Los cartagineses tenían una pena: la fractura de huesos. Al condenado se le ataba, echado, a una estaca, luego el verdugo le rompía el miembro superior del dedo meñique de la mano derecha y se iba. Tras una hora exacta, regresaba para romperle al delincuente el dedo pequeño del pie izquierdo. Y una vez más, tras una hora, le rompía el primer miembro del dedo meñique de la mano izquierda y, después de una hora, el dedo pequeño del pie derecho. Ante los ojos del prisionero se había situado un gran reloj de arena, así podía constatar él mismo el paso del tiempo. Cuando caían los últimos granos de arena, sabía que había transcurrido una hora y que vendría el hombre a romperle el pulgar. Y luego el dedo grande del pie, y el dedo corazón de la mano, y el dedo índice, miembro tras miembro, con mucha precaución para no romper más de lo debido. Y luego el hueso nasal y el antebrazo y la pierna, cada hueso uno por uno, se entiende. Era una historia de lo más pormenorizada, duraba varios días hasta que el verdugo le rompía el espinazo.

Hoy se emplea un método diferente: mejor. Toma mucho más tiempo, y es el gran arte de todas las torturas. Mire, mis miembros están indemnes y, no obstante, todo lo mío y lo que está en mí está roto, cuerpo y espíritu. Dos años tardaron en Reading Gaol en romper a O.W; allí dominan su arte: ¡C. 3. 3. es una buena publicidad para ellos!
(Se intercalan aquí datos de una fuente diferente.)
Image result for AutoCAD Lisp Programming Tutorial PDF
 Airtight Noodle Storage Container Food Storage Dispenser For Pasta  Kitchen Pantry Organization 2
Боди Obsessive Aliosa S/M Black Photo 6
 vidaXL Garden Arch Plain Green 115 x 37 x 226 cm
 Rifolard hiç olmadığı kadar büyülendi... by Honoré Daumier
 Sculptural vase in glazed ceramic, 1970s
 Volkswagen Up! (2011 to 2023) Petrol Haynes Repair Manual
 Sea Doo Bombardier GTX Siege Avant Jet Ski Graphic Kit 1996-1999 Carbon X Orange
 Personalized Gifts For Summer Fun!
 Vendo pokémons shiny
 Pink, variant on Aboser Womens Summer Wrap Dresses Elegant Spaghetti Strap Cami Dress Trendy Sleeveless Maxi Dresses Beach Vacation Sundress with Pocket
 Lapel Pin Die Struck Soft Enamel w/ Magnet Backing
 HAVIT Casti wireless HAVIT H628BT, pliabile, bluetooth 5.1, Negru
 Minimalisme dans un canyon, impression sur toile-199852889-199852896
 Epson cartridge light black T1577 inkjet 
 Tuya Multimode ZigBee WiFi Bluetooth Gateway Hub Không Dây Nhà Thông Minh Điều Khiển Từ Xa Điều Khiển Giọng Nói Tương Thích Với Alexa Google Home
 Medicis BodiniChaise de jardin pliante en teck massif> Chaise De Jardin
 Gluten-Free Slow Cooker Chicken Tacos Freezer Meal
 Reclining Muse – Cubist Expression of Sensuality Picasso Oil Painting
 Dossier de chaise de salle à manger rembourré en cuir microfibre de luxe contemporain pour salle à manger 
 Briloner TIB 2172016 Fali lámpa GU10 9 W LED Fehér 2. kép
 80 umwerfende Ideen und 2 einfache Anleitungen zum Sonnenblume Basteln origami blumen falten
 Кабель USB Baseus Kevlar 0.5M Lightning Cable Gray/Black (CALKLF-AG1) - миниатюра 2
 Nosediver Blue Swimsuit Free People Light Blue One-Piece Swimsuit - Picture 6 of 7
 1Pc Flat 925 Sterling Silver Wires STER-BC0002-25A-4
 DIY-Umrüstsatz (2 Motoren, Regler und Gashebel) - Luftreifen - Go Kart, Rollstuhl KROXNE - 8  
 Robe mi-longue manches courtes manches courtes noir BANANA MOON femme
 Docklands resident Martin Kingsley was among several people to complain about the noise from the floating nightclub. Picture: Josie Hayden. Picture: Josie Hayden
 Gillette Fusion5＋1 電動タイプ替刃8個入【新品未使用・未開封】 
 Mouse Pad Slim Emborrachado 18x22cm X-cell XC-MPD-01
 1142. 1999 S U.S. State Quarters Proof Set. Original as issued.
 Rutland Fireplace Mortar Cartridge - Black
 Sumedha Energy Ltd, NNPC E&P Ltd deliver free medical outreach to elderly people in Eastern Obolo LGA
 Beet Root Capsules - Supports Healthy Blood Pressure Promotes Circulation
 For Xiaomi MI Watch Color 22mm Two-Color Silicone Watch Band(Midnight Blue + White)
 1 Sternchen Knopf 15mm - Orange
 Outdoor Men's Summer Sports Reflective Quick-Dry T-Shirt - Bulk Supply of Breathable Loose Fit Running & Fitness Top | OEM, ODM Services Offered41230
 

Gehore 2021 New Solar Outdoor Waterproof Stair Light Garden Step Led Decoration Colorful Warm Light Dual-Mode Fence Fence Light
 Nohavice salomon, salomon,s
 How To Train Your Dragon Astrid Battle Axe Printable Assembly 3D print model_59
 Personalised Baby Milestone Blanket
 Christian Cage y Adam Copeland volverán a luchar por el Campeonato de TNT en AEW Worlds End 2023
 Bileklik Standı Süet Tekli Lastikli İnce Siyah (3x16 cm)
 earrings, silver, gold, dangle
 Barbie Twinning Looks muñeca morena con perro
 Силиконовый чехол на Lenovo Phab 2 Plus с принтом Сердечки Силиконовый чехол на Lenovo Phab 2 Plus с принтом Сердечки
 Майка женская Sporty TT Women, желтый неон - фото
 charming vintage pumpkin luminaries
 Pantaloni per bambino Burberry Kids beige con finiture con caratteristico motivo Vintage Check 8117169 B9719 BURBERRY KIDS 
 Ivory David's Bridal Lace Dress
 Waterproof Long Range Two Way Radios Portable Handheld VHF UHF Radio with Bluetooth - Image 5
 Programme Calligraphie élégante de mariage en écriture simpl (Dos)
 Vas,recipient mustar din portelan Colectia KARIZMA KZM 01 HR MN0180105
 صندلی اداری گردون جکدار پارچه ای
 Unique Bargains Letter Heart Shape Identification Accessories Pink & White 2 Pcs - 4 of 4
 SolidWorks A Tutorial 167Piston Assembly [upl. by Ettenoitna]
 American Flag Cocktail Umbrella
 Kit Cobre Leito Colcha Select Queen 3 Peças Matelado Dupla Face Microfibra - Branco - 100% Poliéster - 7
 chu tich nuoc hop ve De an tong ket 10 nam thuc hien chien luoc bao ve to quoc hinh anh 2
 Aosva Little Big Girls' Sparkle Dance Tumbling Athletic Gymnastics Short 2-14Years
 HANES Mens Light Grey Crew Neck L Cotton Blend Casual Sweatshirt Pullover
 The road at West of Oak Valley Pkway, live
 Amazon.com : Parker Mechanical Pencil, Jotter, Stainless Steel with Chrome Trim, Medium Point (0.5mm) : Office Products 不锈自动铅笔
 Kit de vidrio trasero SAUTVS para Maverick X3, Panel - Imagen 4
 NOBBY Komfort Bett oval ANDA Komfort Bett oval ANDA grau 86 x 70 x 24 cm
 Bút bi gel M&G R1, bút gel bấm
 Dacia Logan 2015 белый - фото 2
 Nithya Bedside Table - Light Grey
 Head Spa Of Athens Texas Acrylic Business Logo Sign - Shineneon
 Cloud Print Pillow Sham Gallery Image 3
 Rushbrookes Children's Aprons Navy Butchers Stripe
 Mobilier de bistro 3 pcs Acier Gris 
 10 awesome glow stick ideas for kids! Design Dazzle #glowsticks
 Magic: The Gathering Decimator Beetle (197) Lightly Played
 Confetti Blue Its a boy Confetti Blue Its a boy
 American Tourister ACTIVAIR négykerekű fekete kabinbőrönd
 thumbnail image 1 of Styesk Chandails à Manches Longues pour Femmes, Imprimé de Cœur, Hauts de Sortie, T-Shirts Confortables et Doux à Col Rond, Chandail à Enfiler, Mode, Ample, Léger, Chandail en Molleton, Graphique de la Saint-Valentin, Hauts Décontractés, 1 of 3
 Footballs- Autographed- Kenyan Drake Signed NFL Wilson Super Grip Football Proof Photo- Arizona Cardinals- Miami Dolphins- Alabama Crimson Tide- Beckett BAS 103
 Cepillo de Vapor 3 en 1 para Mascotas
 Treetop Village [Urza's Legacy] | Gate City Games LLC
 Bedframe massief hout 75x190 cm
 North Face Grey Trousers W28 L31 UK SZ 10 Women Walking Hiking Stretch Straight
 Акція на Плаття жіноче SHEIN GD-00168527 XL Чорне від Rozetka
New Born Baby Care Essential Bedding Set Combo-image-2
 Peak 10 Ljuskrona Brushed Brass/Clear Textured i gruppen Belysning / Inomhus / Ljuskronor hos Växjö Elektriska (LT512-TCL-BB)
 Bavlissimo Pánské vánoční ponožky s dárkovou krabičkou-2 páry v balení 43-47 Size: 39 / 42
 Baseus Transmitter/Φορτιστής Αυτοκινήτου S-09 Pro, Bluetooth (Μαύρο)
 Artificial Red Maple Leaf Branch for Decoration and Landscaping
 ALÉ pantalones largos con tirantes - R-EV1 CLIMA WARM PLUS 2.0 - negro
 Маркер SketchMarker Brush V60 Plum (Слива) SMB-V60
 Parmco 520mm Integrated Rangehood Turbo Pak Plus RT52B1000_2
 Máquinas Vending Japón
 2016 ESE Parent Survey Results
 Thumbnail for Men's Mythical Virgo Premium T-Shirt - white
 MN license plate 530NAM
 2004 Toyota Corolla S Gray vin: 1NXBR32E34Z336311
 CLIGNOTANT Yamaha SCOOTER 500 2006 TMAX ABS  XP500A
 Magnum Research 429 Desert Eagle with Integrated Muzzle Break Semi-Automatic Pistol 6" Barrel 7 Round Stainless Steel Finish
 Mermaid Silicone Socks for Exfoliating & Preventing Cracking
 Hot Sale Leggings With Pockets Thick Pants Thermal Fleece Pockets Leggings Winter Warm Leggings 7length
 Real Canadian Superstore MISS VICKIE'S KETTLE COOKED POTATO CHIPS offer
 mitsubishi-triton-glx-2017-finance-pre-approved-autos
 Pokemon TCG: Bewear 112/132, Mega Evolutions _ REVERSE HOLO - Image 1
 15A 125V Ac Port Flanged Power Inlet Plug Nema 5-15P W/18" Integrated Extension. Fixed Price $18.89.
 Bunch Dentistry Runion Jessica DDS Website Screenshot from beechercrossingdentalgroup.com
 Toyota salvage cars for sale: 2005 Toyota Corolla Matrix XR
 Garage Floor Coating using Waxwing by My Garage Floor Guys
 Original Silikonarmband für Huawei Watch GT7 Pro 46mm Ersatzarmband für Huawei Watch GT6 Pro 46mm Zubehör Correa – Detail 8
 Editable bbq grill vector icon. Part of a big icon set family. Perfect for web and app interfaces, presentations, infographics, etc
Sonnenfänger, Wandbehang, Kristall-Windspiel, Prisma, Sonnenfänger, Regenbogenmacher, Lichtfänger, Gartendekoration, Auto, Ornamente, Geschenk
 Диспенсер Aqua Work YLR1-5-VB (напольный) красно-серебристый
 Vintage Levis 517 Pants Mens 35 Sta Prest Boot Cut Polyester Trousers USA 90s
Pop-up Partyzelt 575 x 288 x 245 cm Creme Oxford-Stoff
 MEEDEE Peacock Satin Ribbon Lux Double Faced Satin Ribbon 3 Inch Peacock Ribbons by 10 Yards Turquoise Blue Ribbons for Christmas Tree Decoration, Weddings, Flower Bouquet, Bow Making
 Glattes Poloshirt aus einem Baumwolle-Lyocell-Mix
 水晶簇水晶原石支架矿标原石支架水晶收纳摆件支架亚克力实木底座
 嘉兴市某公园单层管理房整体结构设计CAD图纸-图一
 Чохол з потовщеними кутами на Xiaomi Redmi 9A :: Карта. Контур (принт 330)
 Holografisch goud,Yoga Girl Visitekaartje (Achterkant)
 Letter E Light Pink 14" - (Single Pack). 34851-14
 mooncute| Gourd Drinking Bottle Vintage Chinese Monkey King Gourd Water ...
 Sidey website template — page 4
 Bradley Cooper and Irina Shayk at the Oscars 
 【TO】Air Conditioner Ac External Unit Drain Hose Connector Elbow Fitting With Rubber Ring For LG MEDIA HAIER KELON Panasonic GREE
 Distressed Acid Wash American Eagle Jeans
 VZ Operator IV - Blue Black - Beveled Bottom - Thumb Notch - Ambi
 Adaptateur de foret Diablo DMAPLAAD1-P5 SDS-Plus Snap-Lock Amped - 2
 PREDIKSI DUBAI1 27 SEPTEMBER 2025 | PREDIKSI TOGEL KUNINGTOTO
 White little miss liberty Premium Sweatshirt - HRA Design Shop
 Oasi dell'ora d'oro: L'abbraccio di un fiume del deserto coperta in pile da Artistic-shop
Le digo esto para mostrarle que mi lucha no fue fácil, la máscara tenía realmente todas las ventajas consigo. Venía todas las noches y también con frecuencia de día; deseaba soñar que me mataba, y siempre me sugería nuevos medios para lograrlo.

Transcurrido un año, sus visitas comenzaron a reducirse.

—Me aburres —vino a decirme una noche—, no eres digno de representar un papel principal en mis sueños. Hay otras cosas que son más divertidas. Creo que te estoy olvidando lentamente.

Y ya ve, yo lo creo también: me olvida lentamente. De vez en cuando vuelve a soñar un instante conmigo, pero yo siento cómo mi vida, esta vida onírica, se desvanece paulatinamente. No estoy enfermo, pero siento cómo desaparece mi energía vital; ¡la bestia ya no quiere soñar más conmigo! Cuando me olvide del todo, me apagaré.

Oscar Wilde se levantó de pronto. Se mantenía aferrado a la pared rocosa, sus rodillas temblaban, los ojos cansados se salieron de sus órbitas.

—¡Allí, allí está! —gritó.

—¿Dónde?

—¡Allí, allí abajo!

Señalaba hacia algo con el dedo. El agua verde azulada se onduló sobre un risco y volvió a descender lentamente. Y, ciertamente, en esa honda penumbra la roca húmeda mostró un rostro: una máscara burlona y complacida sonreía con todo su hocico.

—¡Es un risco! —grité.

—¡Sí, claro, un risco! ¿Acaso cree que no lo veo? Pero ahí está la máscara. Le puede dar su forma a cualquier cosa. ¡Mire cómo se ríe!

Se reía, eso era innegable. Y tuve que reconocer que el risco con el agua escurriéndose por su superficie ofrecía el mismo aspecto que la criatura que había descrito, era igual.

—Créame —dijo Oscar Wilde cuando los pescadores vinieron a recogernos en su barca—, créame, es imposible dudarlo. Renuncie a sus magníficas ideas sobre la humanidad: la vida humana y toda la historia universal no son más que un sueño estrafalario de una criatura que sueña con nosotros.